Short text fragments from websites
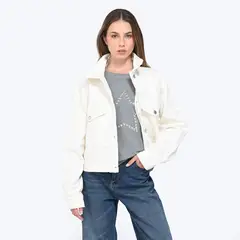 DENIMLAB - Chaqueta Mujer de Algodón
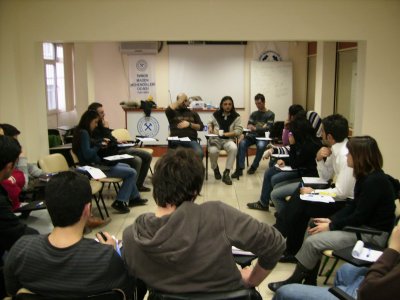 Öğrenci Temsilcileri Toplantısı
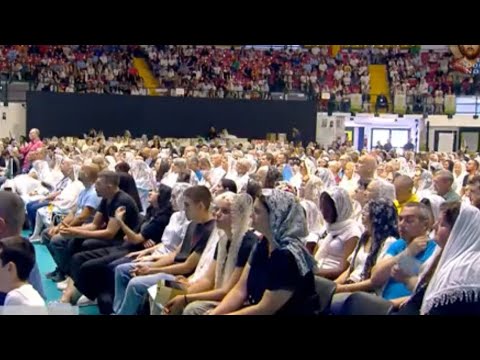 Piccolo Gregge (con Cristo e Maria verso la vittoria) Evento Monza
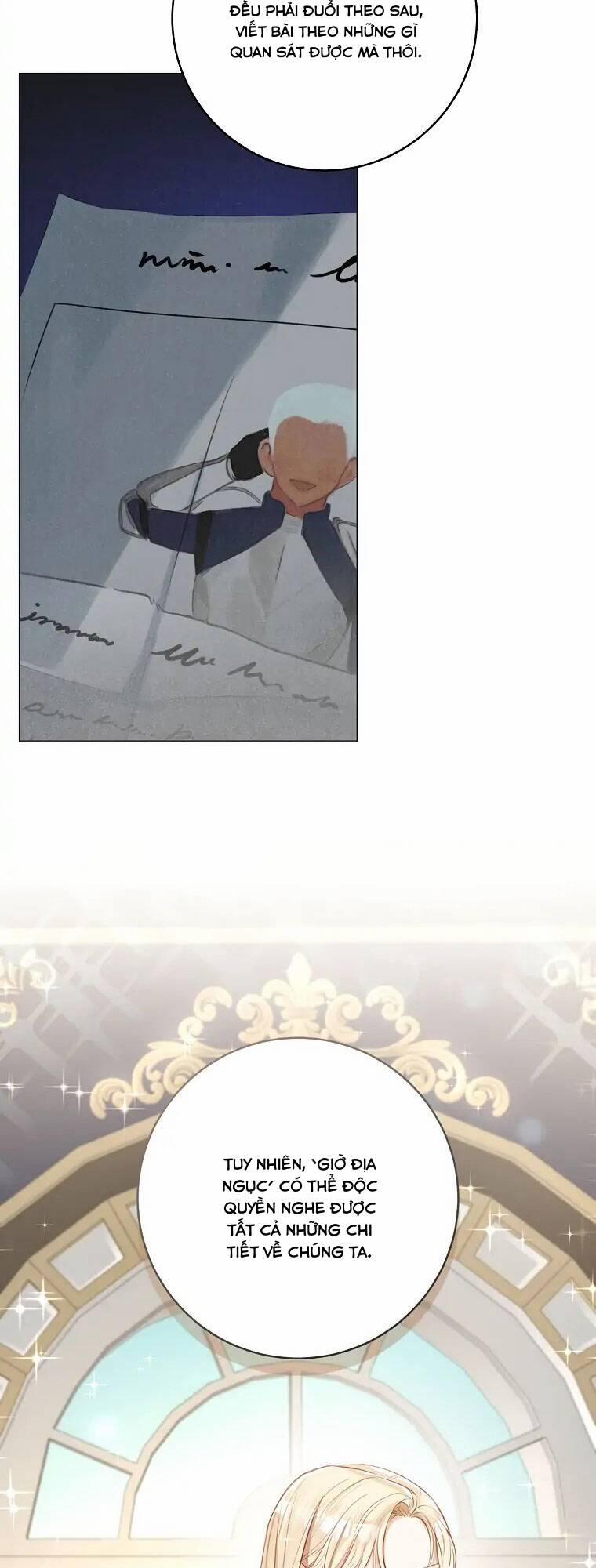 Cuộc Hôn Nhân Xa Hoa Của Đại Công Tước Là Giả 13 trang 17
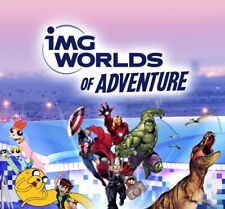 Img adventures 1 for sale  LONDON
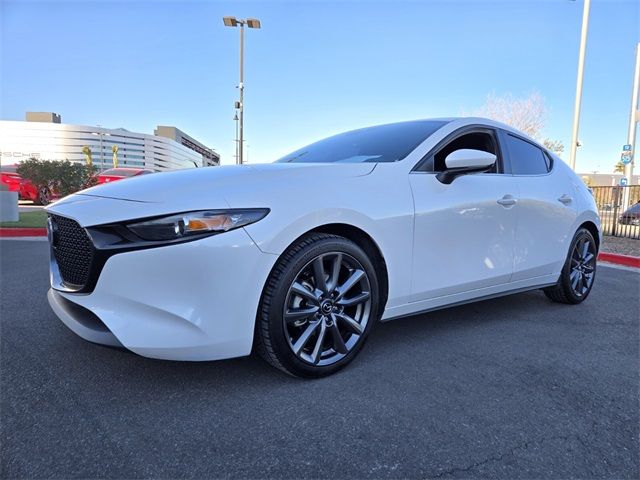 2021 Mazda Mazda3 Preferred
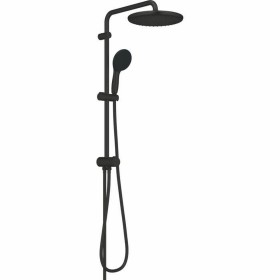Shower Column Grohe Vitalio Start System 250 Black ABS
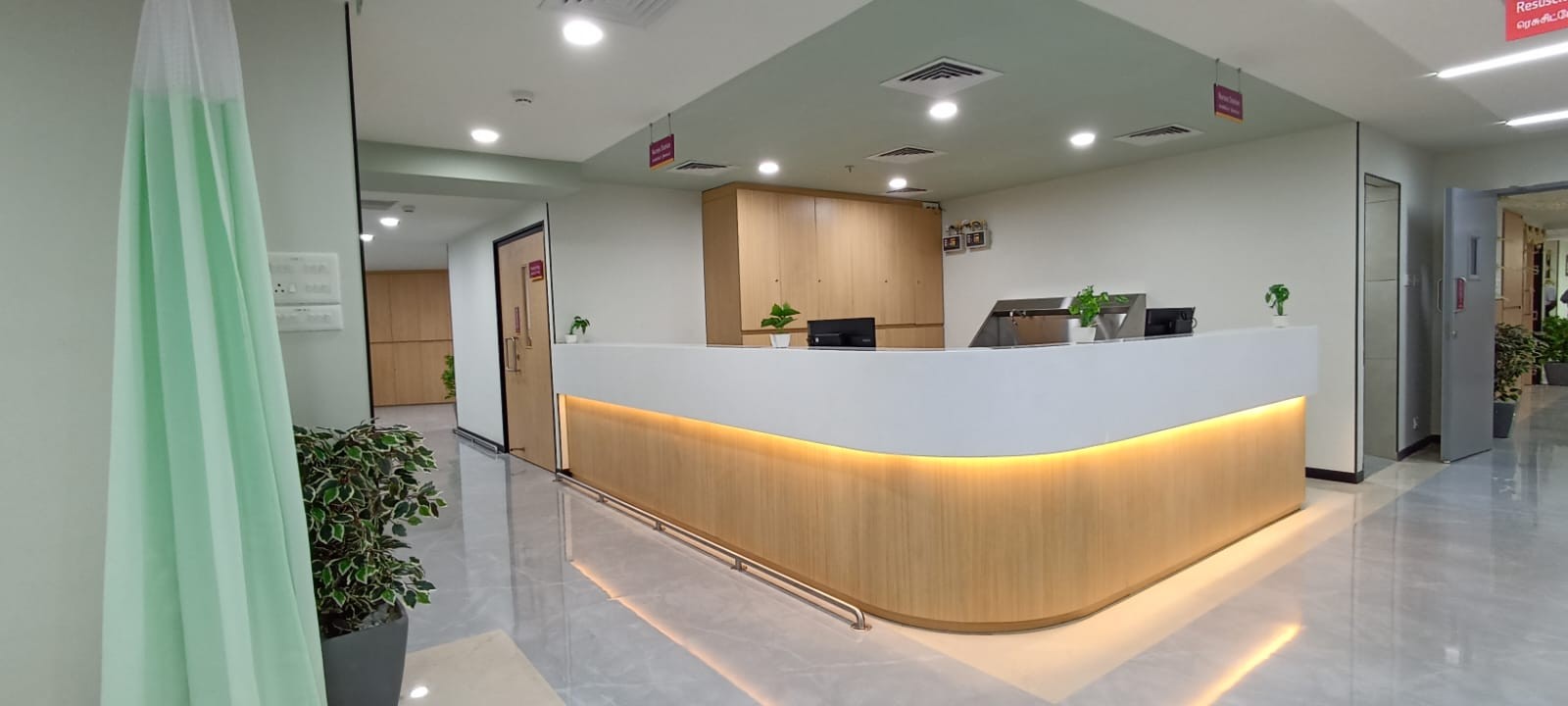 Kauvery Hospital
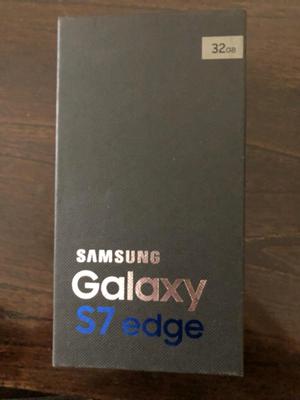 Samsung s7 edge 32 gb libre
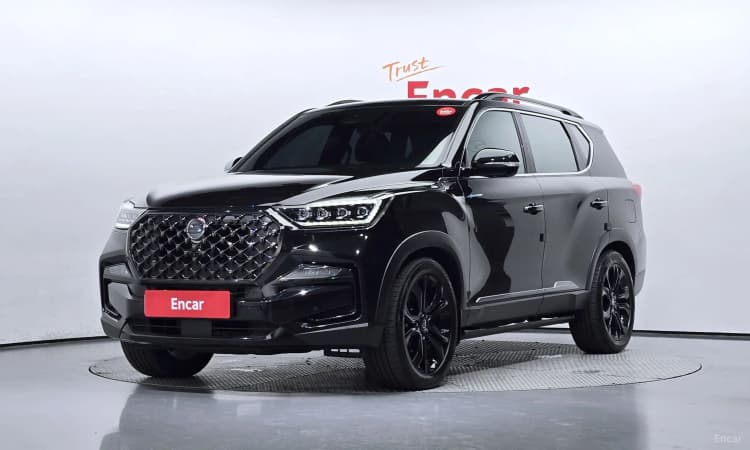 Rexton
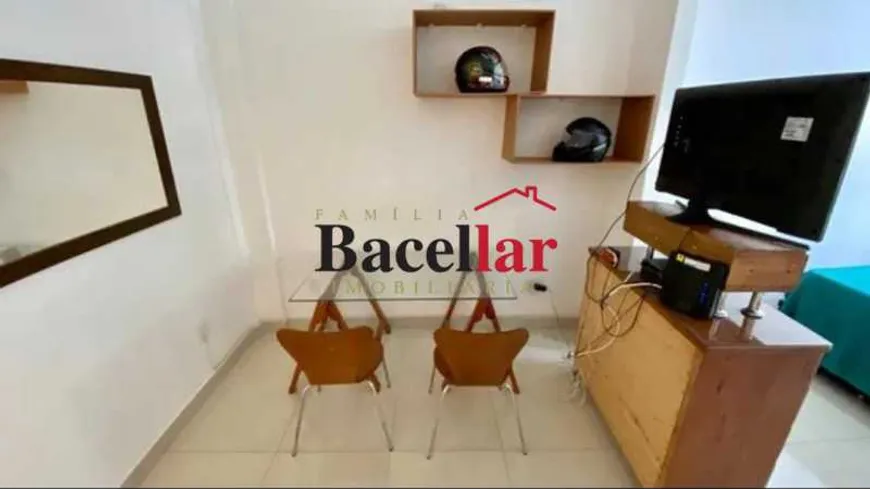 Foto 1 de Apartamento com 1 Quarto à venda, 30m² em Botafogo, Rio de Janeiro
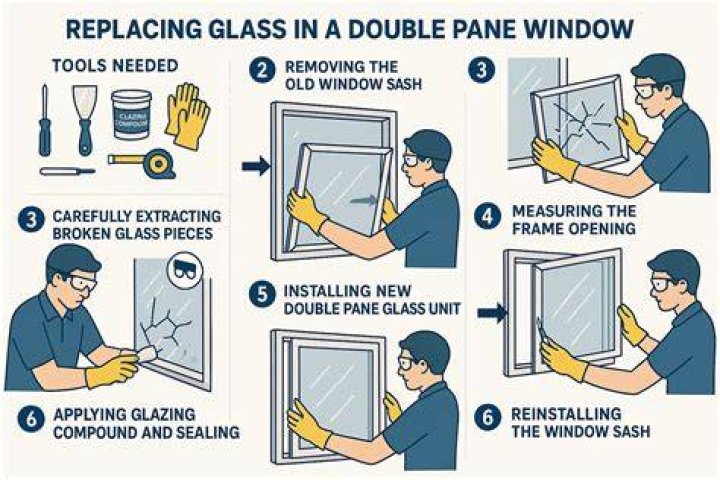 Can you replace the glass on an iPod?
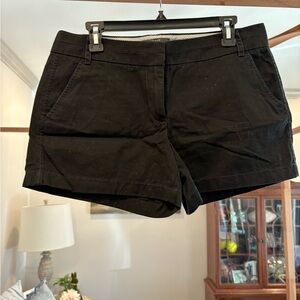 Women's Black Shorts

[TASK REQUIREMENTS]: Starting with the line that has "Can you replace the glass on an iPod?" and ending with the last line of the records, retype every line exactly and only those lines. Do not include the pictures.

[YOUR RESPONSE]:
 Can you replace the glass on an iPod?
 Women's Black Shorts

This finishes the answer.